**DIRECTIONS FOR THIS TASK:**
In the material below, find the span from the line with "Emuca Egouttoir flexible" to the line with "Kwmobile калъф за" and transcribe only those lines, exactly, ends included, without the pictures.

**DATA FOR ANALYSIS:**
##############################
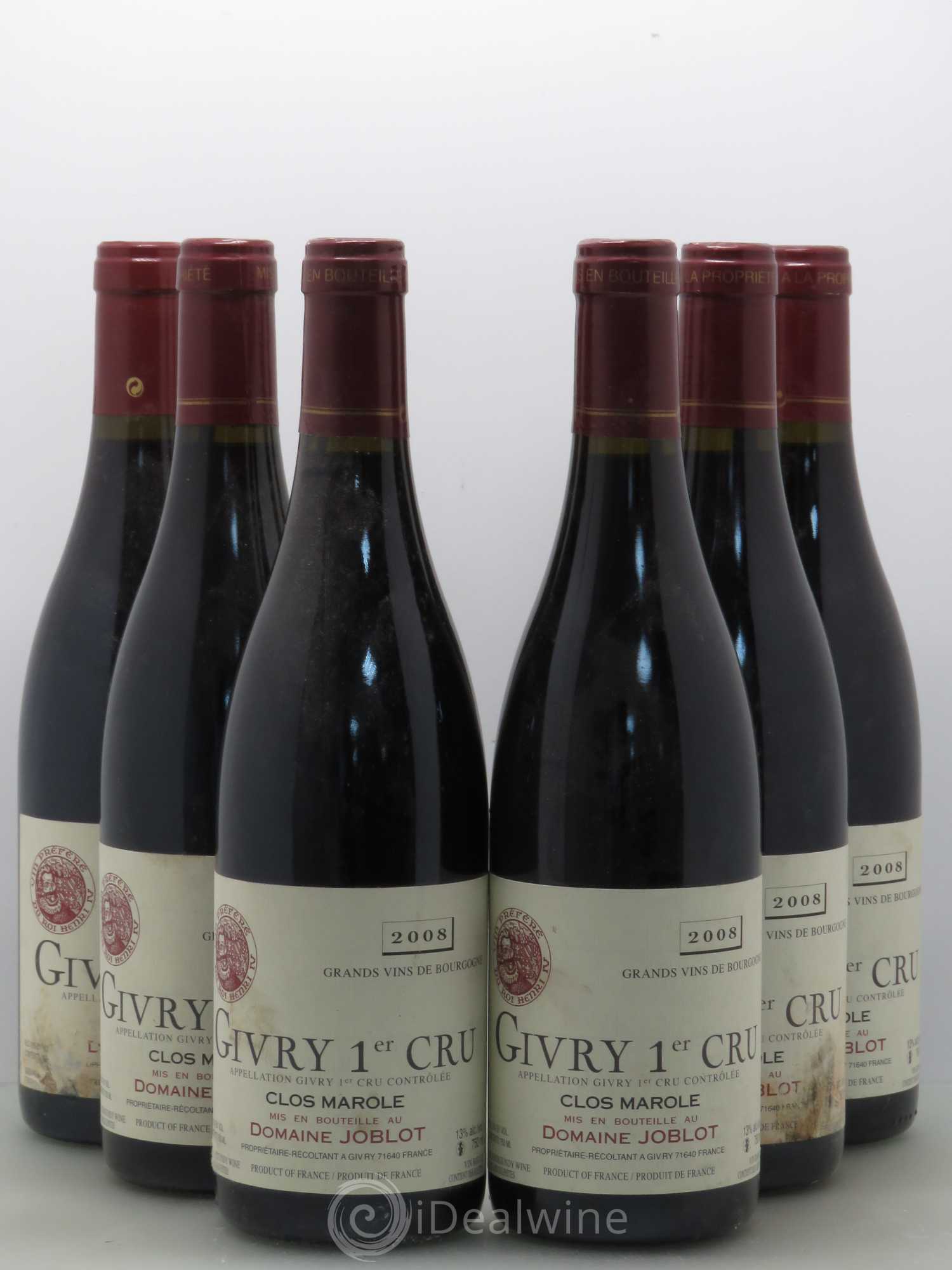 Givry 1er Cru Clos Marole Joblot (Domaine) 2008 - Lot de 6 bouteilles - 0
##############################
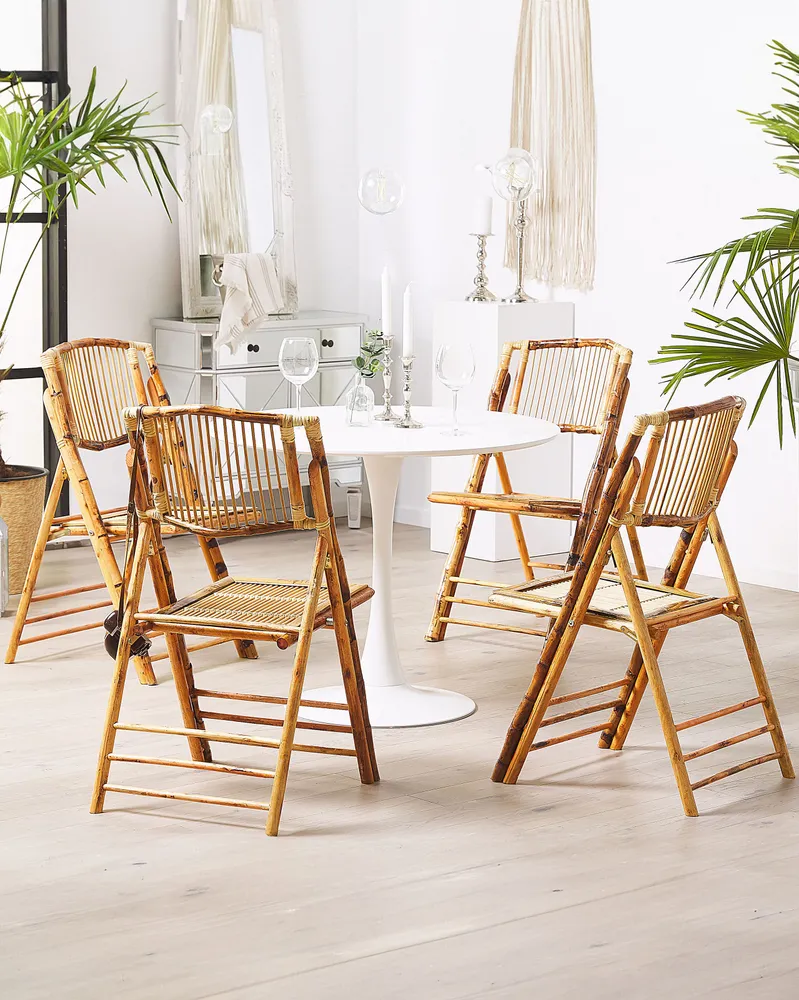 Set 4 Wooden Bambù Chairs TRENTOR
##############################
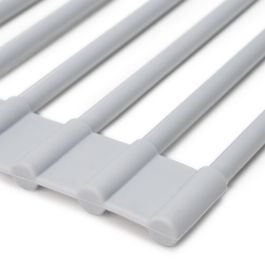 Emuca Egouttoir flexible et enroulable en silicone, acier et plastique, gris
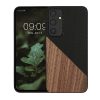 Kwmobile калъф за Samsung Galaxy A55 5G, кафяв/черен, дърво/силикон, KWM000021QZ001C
##############################
**RESULT FOR THIS TASK:**
 Emuca Egouttoir flexible et enroulable en silicone, acier et plastique, gris
 Kwmobile калъф за Samsung Galaxy A55 5G, кафяв/черен, дърво/силикон, KWM000021QZ001C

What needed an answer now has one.